Jacobus Hendrik Pierneef is a South African master painter synonymous with landscape painting in the country. Pierneef was born in Pretoria to Dutch parents. As the Boer War raged in 1900, the Pierneef family travelled back to the Netherlands where the young Pierneef was able to engage with the work of the Old Masters, the likes of Vermeer and Rembrandt, which inspired him greatly.
Upon his return to Pretoria, Pierneef was encouraged in his painting by local artists including Hugo Naudé, Frans Oerder and his godfather Anton van Wouw. His first solo show in 1913 was hailed as a great success, with critics even referring to the artist as a genius. Over the next decade, as he continued to participate in a number of equally well received shows, Pierneef also worked as a lecturer, both at the Heidelberg College of Education and at the Pretoria College of Education. In 1923, he left teaching to paint full-time.

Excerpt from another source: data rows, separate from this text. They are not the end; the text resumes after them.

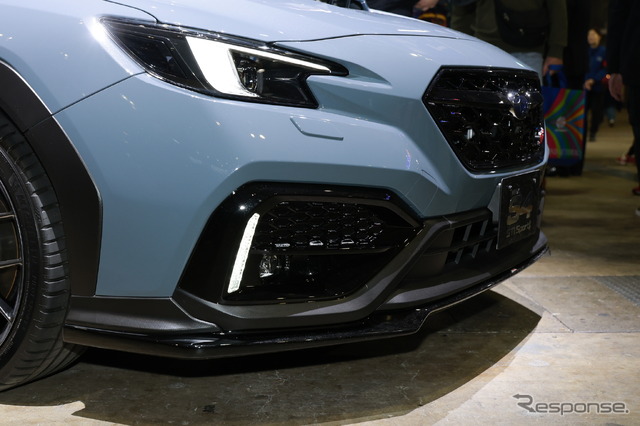 スバル WRX S4 STI Sport♯ PROTOTYPE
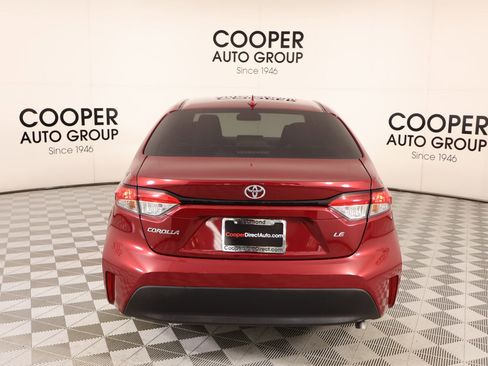 Used 2023 Toyota Corolla LE FWD image 20
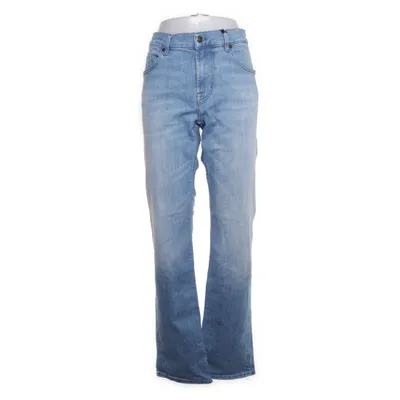Jeans (Blue) from 7 for All Mankind Cotton, Polyester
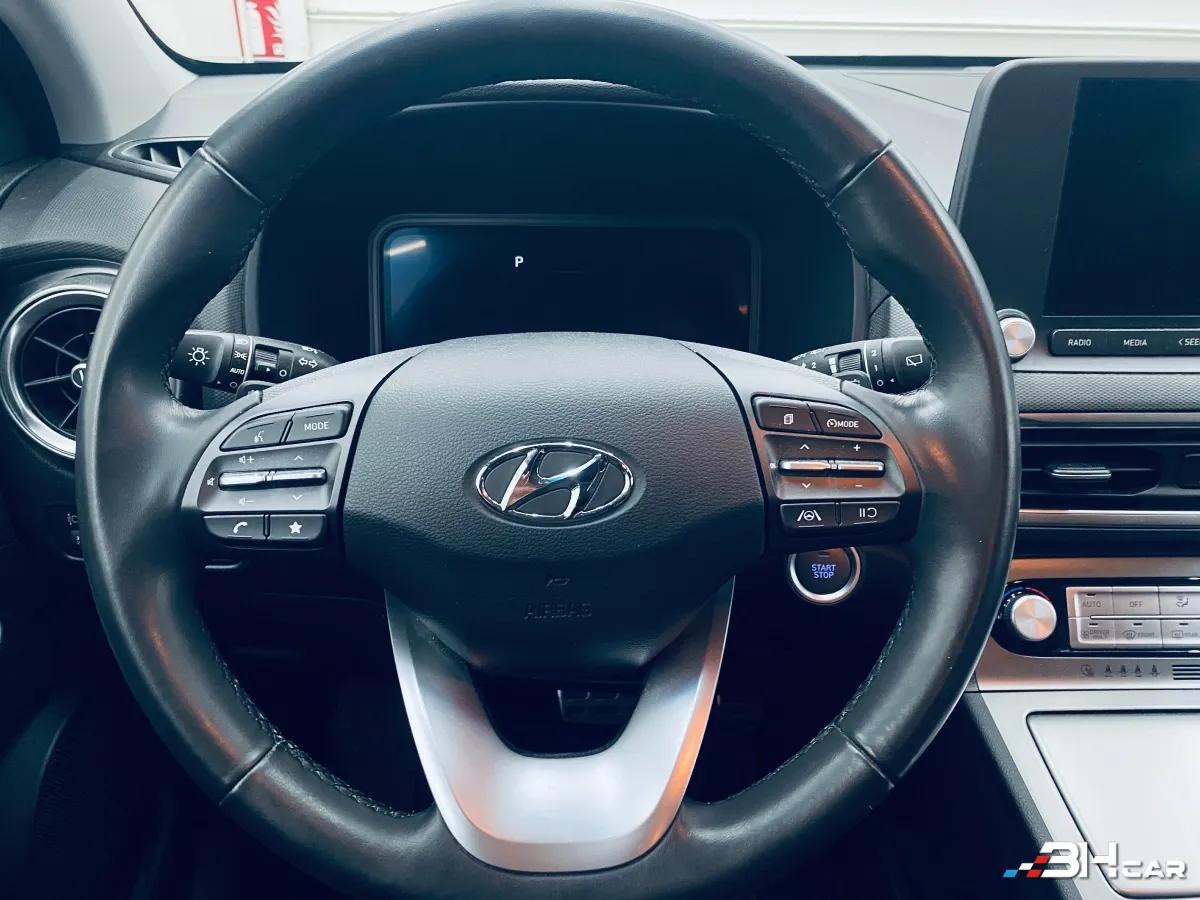 Aperçu indisponible de Hyundai Kona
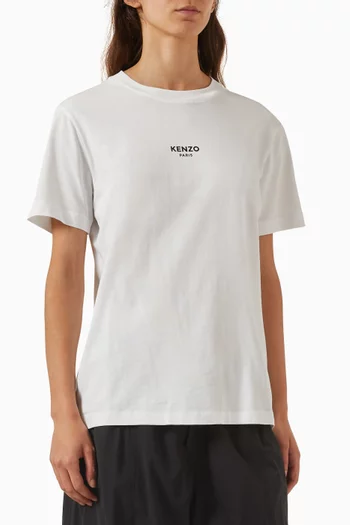 Pop Loose-fit T-shirt in Cotton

The artist’s intimate knowledge of South African architecture and landscape (particularly that of the highveld) is said to have inspired his distinct geometric style, characterised by flat planes of colour with simplified line and form. Sometimes cubist in character, at the time, Pierneef’s images were considered futuristic. Today, he is credited as having revolutionised South African art as it began to shift away from its traditionalist past.
Pierneef’s significance as a figure in South African art is undisputed. He is internationally recognised and has been celebrated with exhibitions around the globe, including the 1948 show, Overseas Exhibition of South African Art at the Tate in London. His work is held in major collections, both private and public, in South Africa and abroad such as at the Iziko South African National Gallery, Cape Town; the Rupert Art Foundation, Stellenbosch and South Africa House (the South African Embassy), London.